When [Eloi] was home for Christmas, he faced one of the most difficult problems man has ever faced: his entire family, equipped with smartphones and laptops, siphoning all the Internet through a 1Mb/s connection. For any technically minded person, the fix for this problem is to limit the bandwith for all those Facebook and Twitter-heads, while leaving [Eloi]’s battlestation unaffected. [Eloi] had originally set up the Linksys WAG200G router in the family home a few years ago but had since forgotten the overly complex admin password. No worries, then, because apparently the WAG200G is open as wide as a barn door with a completely undocumented backdoor.

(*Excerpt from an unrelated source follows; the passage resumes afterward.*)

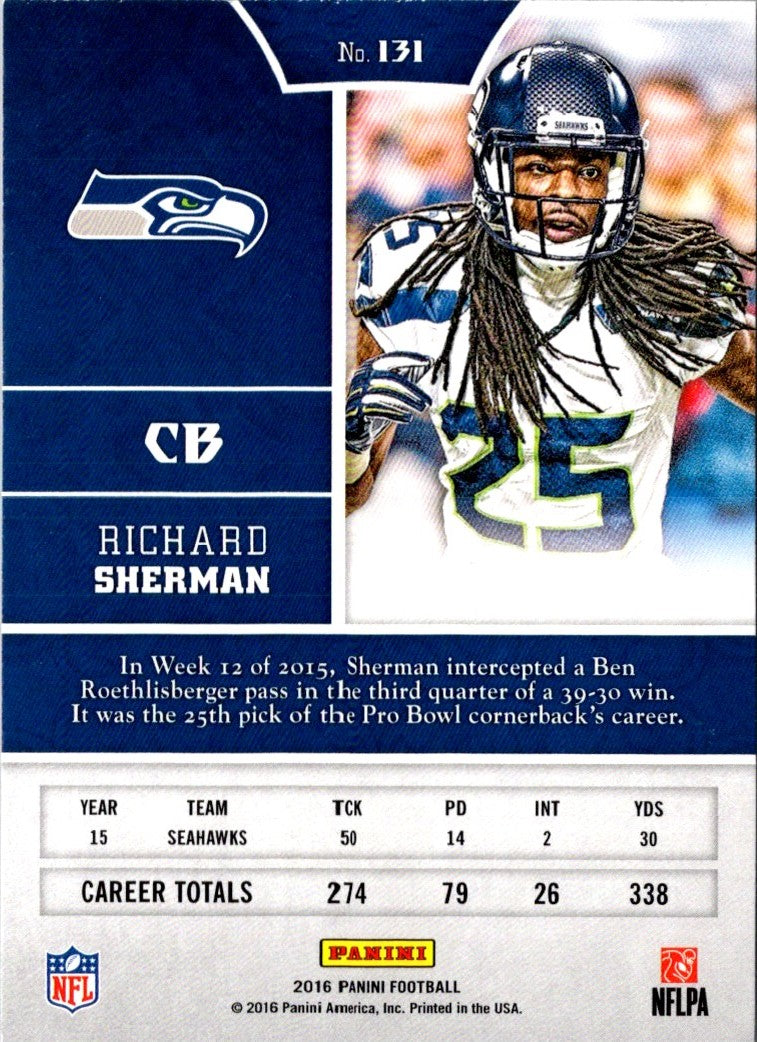 2016 Panini Richard Sherman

Without the password to the admin panel of the router, [Eloi] needed a way in. After pointing nmap at the router, he found an undocumented service running on port 32764. Googling this observation resulted in a lot of speculation, so the only option was to download the router’s firmware, look for the service, and figure out a way in.
[Eloi] eventually got a shell on the router and wrote a very short Python script to automate the process for all WAG200G routers. As for where this backdoor came from, it appears a SerComm device on the router is responsible. This means a whole bunch of routers with this specific SerComm module also have this backdoor, and we’d assume anything with a service running on port 32764 is suspect.

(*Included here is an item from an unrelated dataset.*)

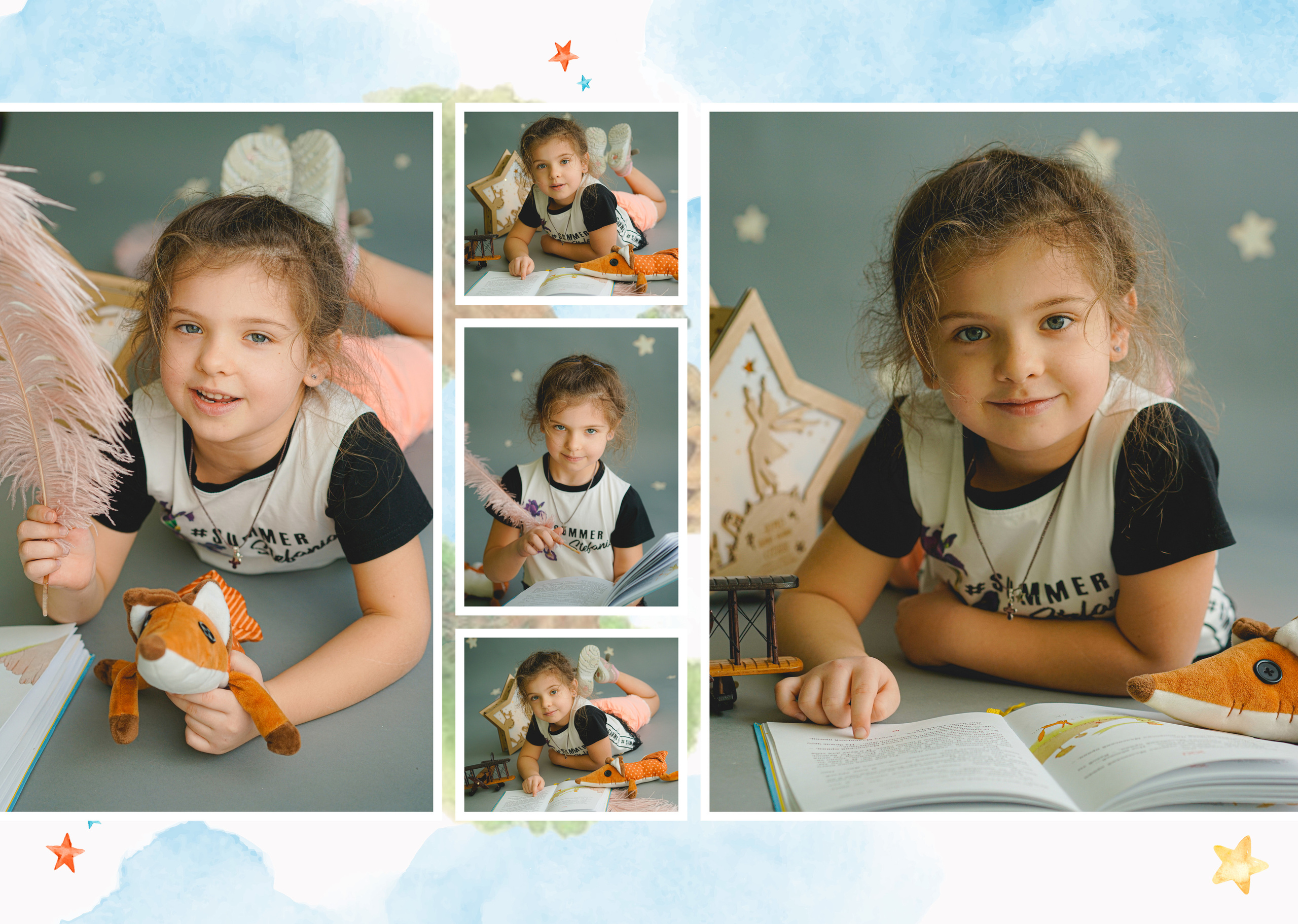 Индивидуальные развороты «Цветочная страна». Анна Белашова ВЫПУСКНЫЕ АЛЬБОМЫ, фото и видеосъёмка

If you’re looking for a fix for this backdoor, your best bet is probably installing OpenWRT or Tomato. The OpenWAG200 project, an open firmware specifically designed for [Eloi]’s router, still has this vulnerability, though.
wouldn’t it have made more sense to just do a 30-30-30 reset?
a) hacker mentality
b) could have lost login details and gotten into trouble with family/isp
… and trying to get a shell couldn’t possibly trigger b) either? Would have been fun if he managed to discover a remote DoS vulnerability by bricking it accidentally ;)
Or you could click the factory reset pin-hole button that is on every router, but to each his own.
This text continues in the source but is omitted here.